TLDR: transform = Resize((299, 299)) + ToTensor()
Consider the common use case of building an overall-common-but-differing-at-one-point transformation pipeline for train and test sets, for instance applying augmentation transforms only to train set:
train_transform = transforms.Compose([
Resize((299, 299), interpolation=1),
RandomCrop(299, padding=4),
RandomHorizontalFlip(),
RandomGrayscale(),
ToTensor(),
Normalize(mean=[0.485, 0.456, 0.406], std=[0.229, 0.224, 0.225])
])
test_transform = transforms.Compose([
Resize((299, 299), interpolation=1),
ToTensor(),
Normalize(mean=[0.485, 0.456, 0.406], std=[0.229, 0.224, 0.225])
])
A way of expressing of train_transform builds upon test_transform would be handy. What you could do now is to recursively use transforms.Compose (i.e. Compose([Compose(...resizing...), Compose(...augmentation...], Normalize(...)])), but I don't find this particularly clean (and intuitively, final transforms objects should be sequential objects with only one level of depth).

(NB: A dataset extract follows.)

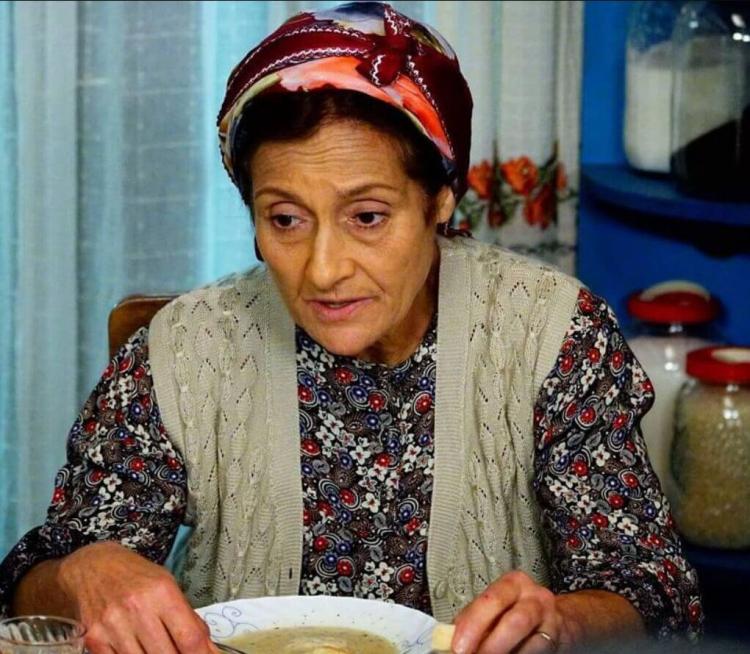 <p>1975 yılında kadrolu oyuncu olan Körmükçü'nün 35 senede 80’den fazla oyunda oynadığı biliniyor.</p>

common_transforms = ToTensor() + Normalize(mean=[0.485, 0.456, 0.406], std=[0.229, 0.224, 0.225])
augmentation = RandomCrop(299, padding=4) + RandomHorizontalFlip() + RandomGrayscale()
train_transforms = Resize((299, 299)) + augmentation + common_transforms
test_transforms = Resize((299, 299)) + common_transforms
Note how this mimics the behavior of Python lists (and other iterables):
>>> [1, 2] + [3, 4]
[1, 2, 3, 4]
class Transform(object):
# Right now all transforms directly inherit from object.
# Let Transform be a superclass for all transformations
def __call__(self, pic):
raise NotImplementedError('Each subclass should implement this method')
def __repr__(self):
raise NotImplementedError('Each subclass should implement this method')
def __add__(self, other):
if not isinstance(other, Transform):
raise TypeError('Only transformations can be added')
if isinstance(self, Compose) and isinstance(other, Compose):
return Compose(self.transforms + other.transforms)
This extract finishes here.